[TASK REQUIREMENTS]: Write out only the lines from the line that holds "Lowest price !" to the end of the listing below, inclusive, with the pictures omitted.

[EXERCISE DATA]:
────

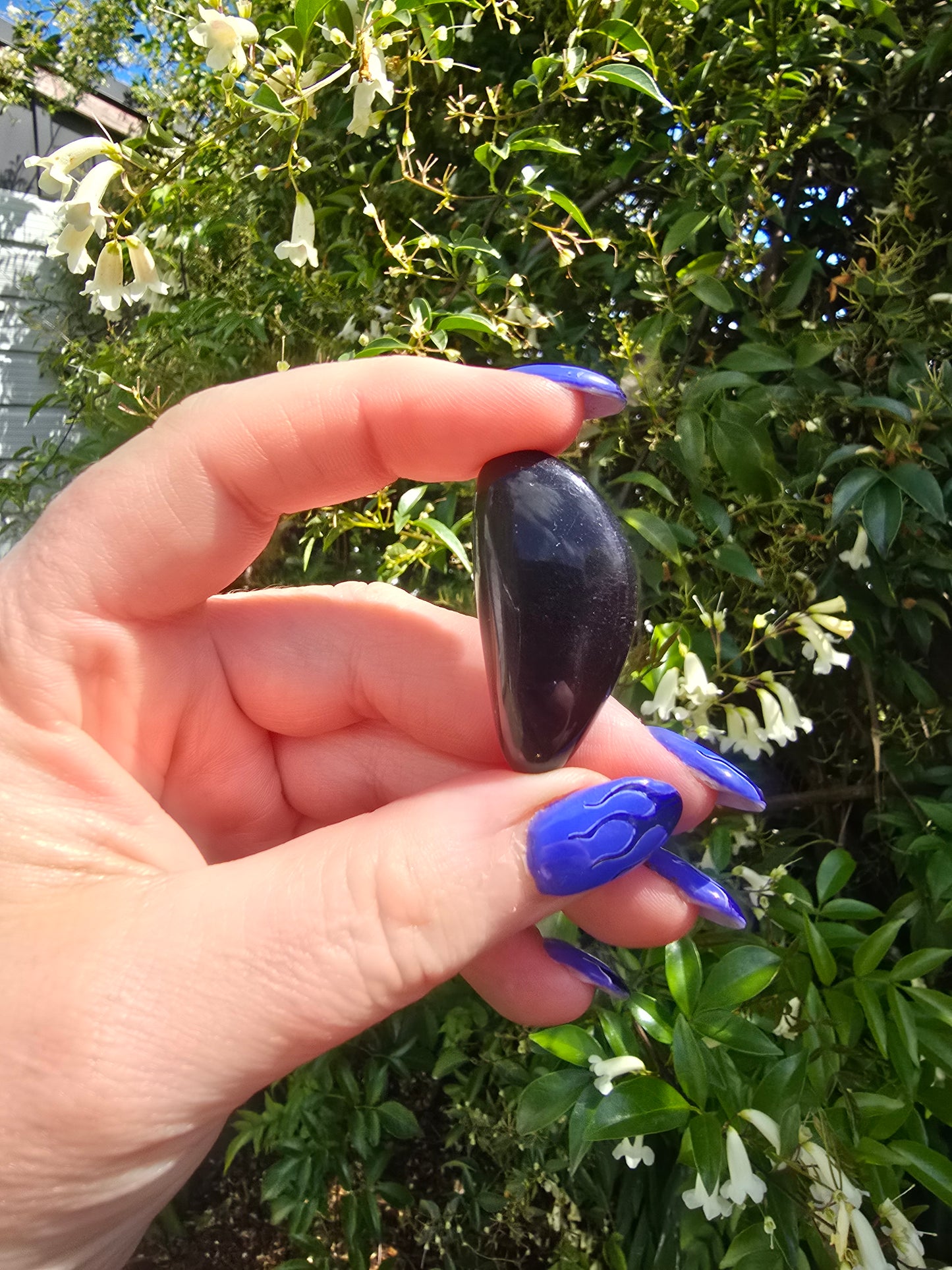 Amber Tumbled Stone Medium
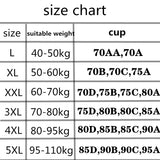 Large Size Seamless Sling Ladies Bra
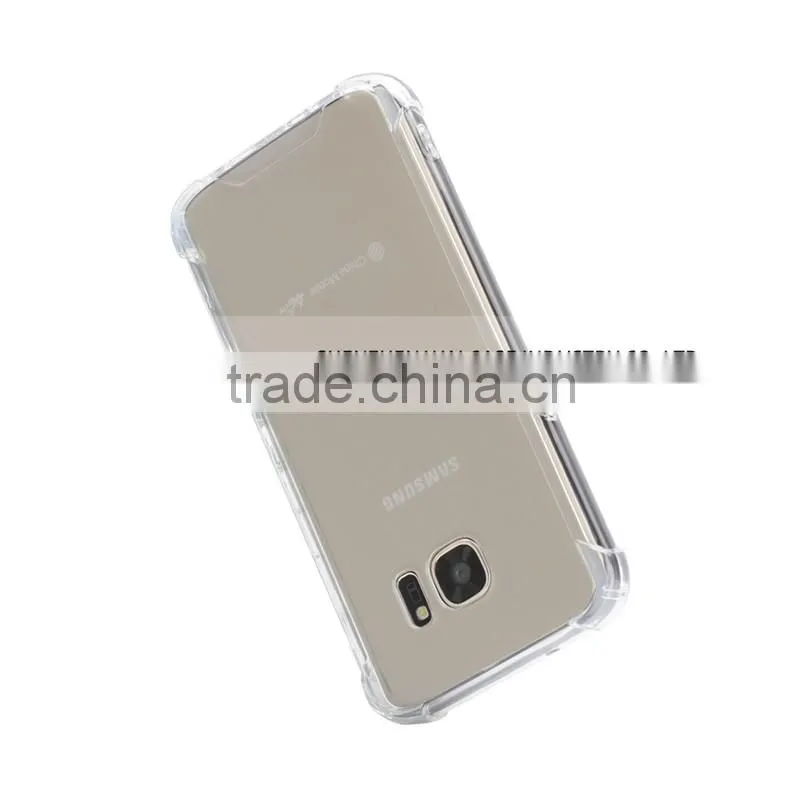 Lowest price ! Durable Dustproof ,Transparent Clear Shockproof hybrid mobile phone case for Samsung galaxy S7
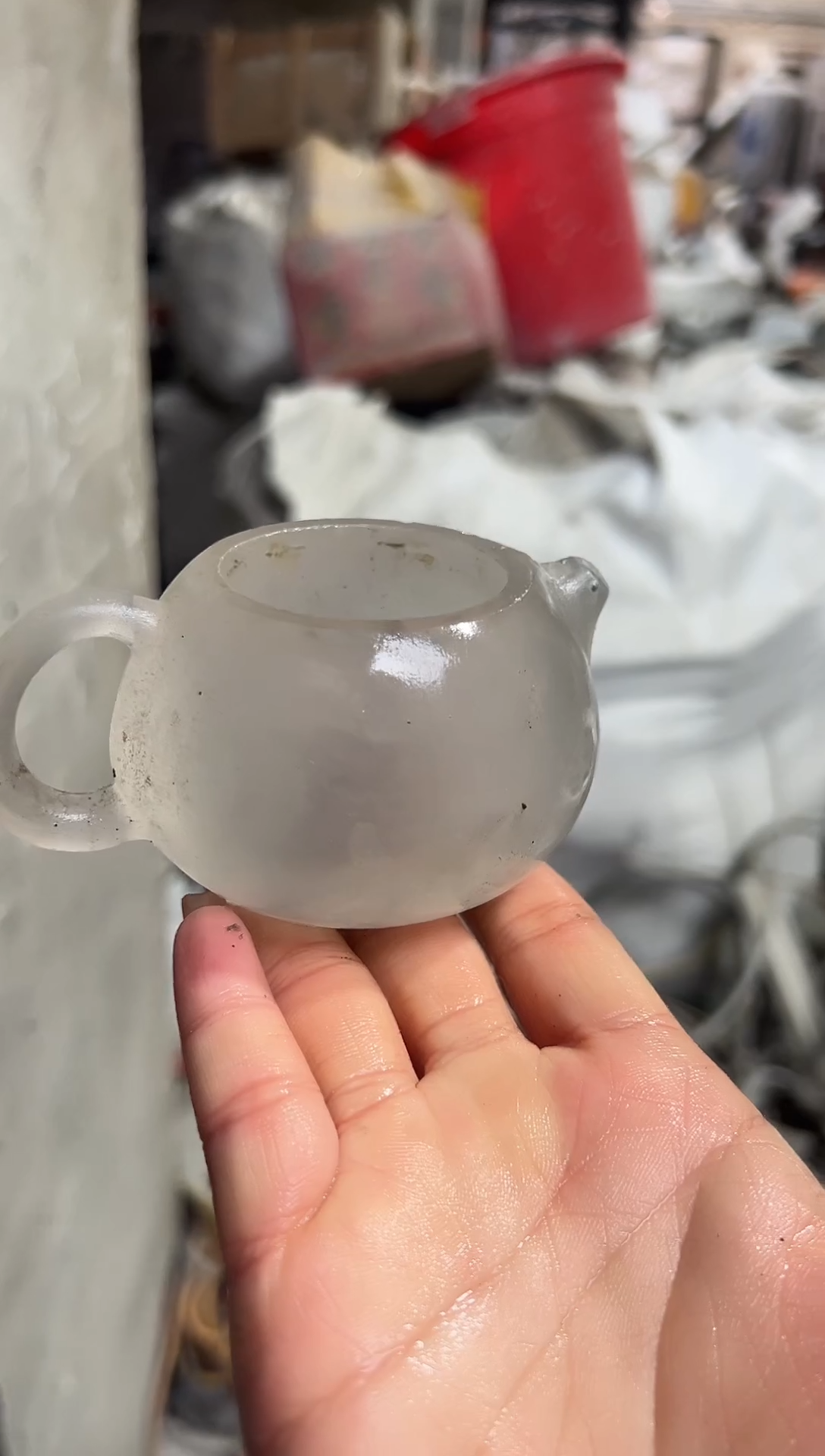 【闪购商品】遇壶堂安山玉微瑕款玉壶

────

[TASK OUTPUT]:
 Lowest price ! Durable Dustproof ,Transparent Clear Shockproof hybrid mobile phone case for Samsung galaxy S7
 【闪购商品】遇壶堂安山玉微瑕款玉壶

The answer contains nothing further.